[[ Given records, beginning ]]
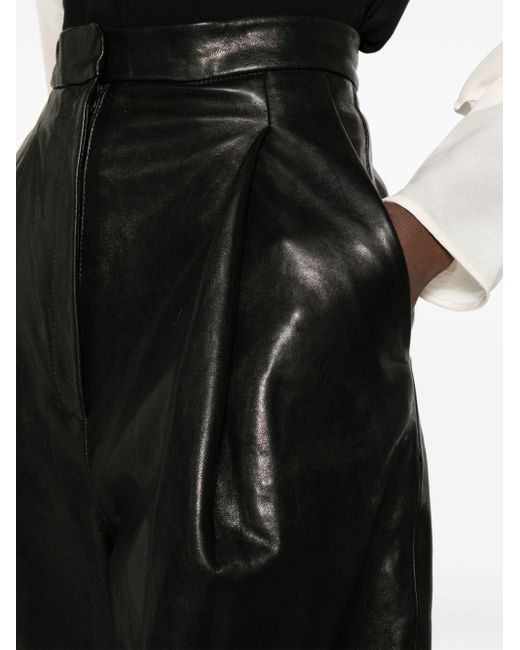 Khaite Black The Ashford Leather Trousers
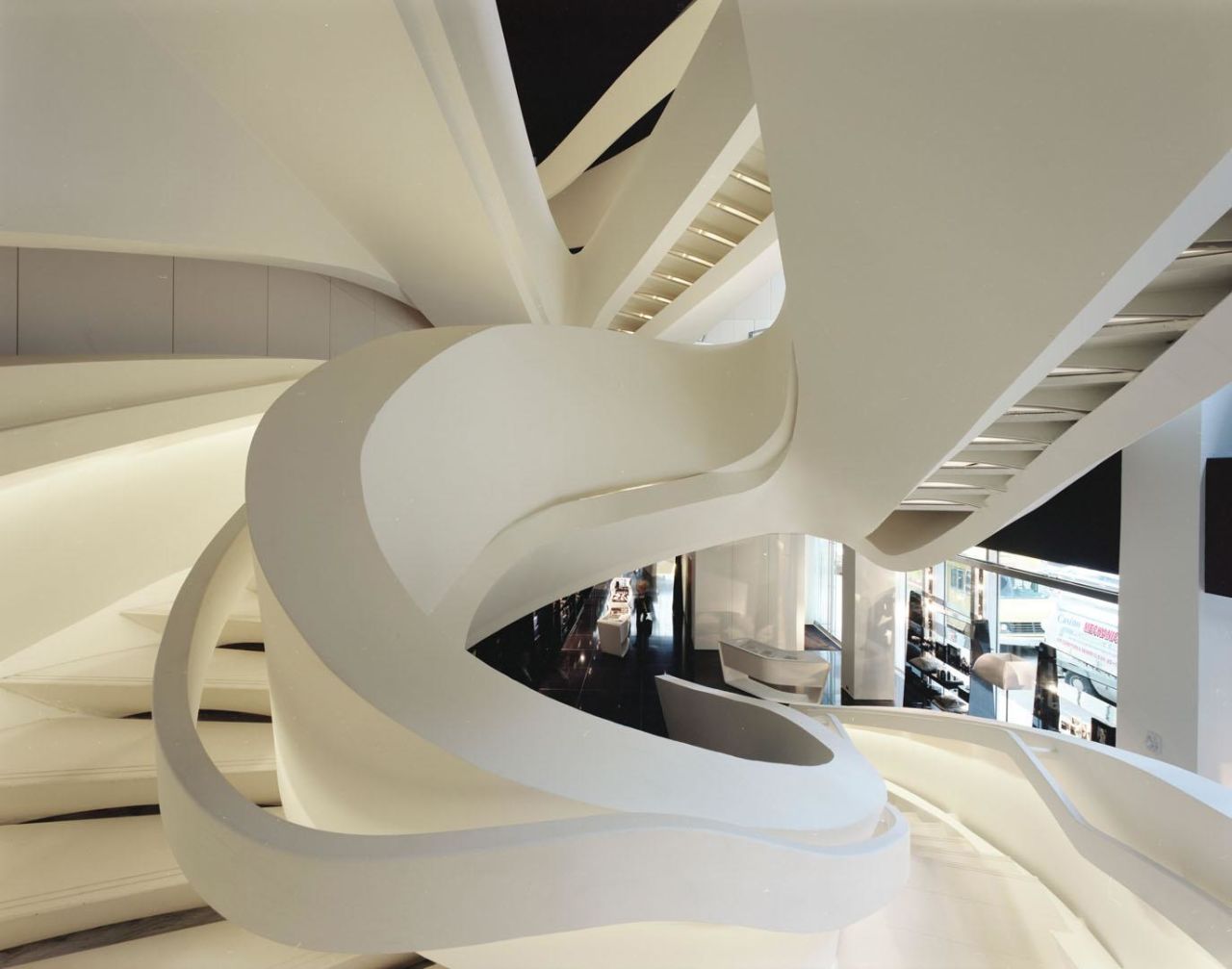 The Armani store on New York's Fifth Avenue is home to a futuristic ribbon-like staircase.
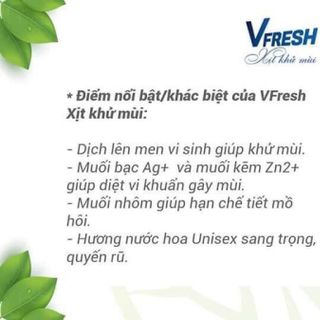 Xịt khử mùi VFresh - Hương thơm Unisex quyến rũ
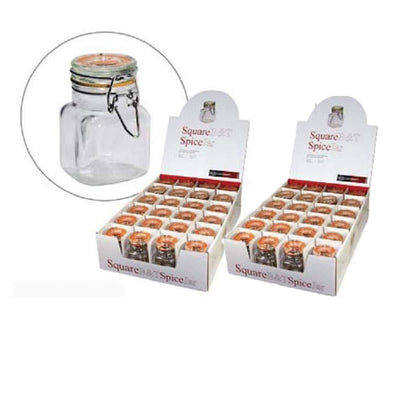Grant Howard 3 Ounce Square Clear Glass Multi-Purpose Spice Jars, Set of 48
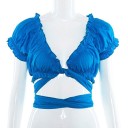 Γυναικείο ραφτό crop top με δέσιμο 2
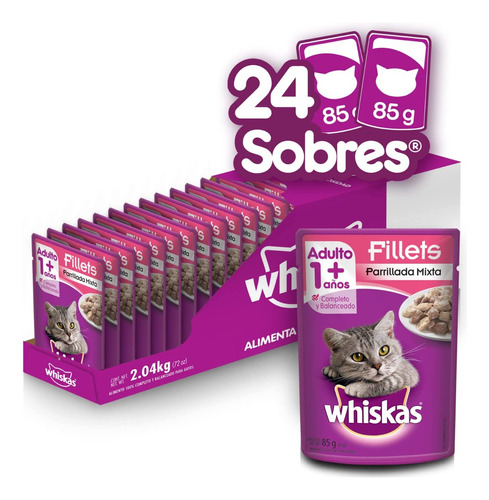 Pack X24 Alimento Gato Whiskas Fillets Parrillada Mixta  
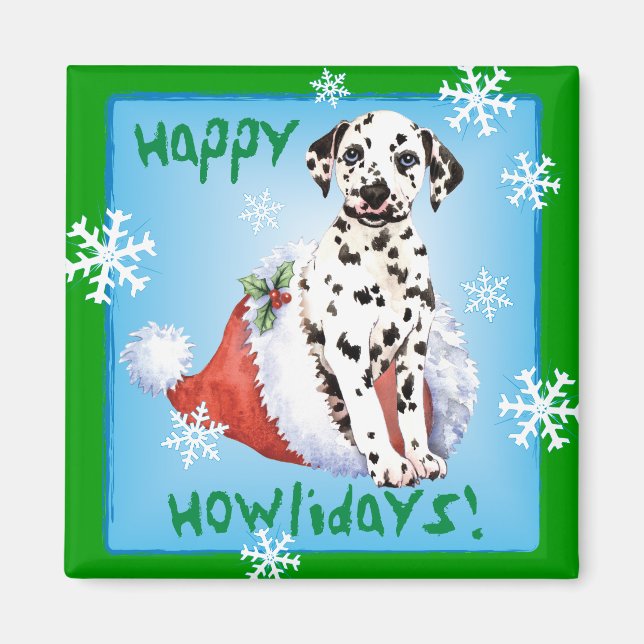 Happy Howlidays Dalmatian Magnet (Front)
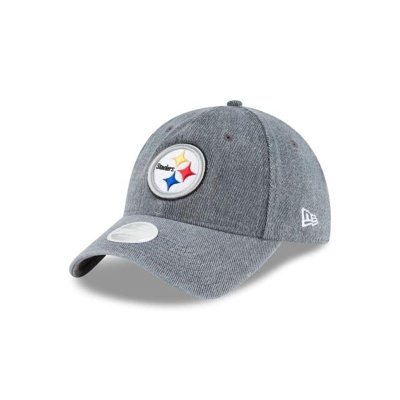 Grey Pittsburgh Steelers Hat - New Era NFL Faded Denim 9TWENTY Adjustable Caps USA7325681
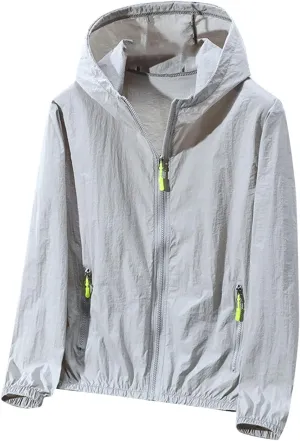 Mens Summer Jackets Plus Size Fashion Thin Sun Protection Hooded Sweatshirt Loose Comfy Pocket Sport Hoodies Coat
[[ Given records, end ]]
> _What the task asks_
Exactly the lines from the start of the entries above through the line with "Happy Howlidays Dalmatian Magnet (Front)" should be reproduced, and nothing else; drop the pictures.

> _Task result_
 Khaite Black The Ashford Leather Trousers
 The Armani store on New York's Fifth Avenue is home to a futuristic ribbon-like staircase.
 Xịt khử mùi VFresh - Hương thơm Unisex quyến rũ
Grant Howard 3 Ounce Square Clear Glass Multi-Purpose Spice Jars, Set of 48
 Γυναικείο ραφτό crop top με δέσιμο 2
 Pack X24 Alimento Gato Whiskas Fillets Parrillada Mixta  
 Happy Howlidays Dalmatian Magnet (Front)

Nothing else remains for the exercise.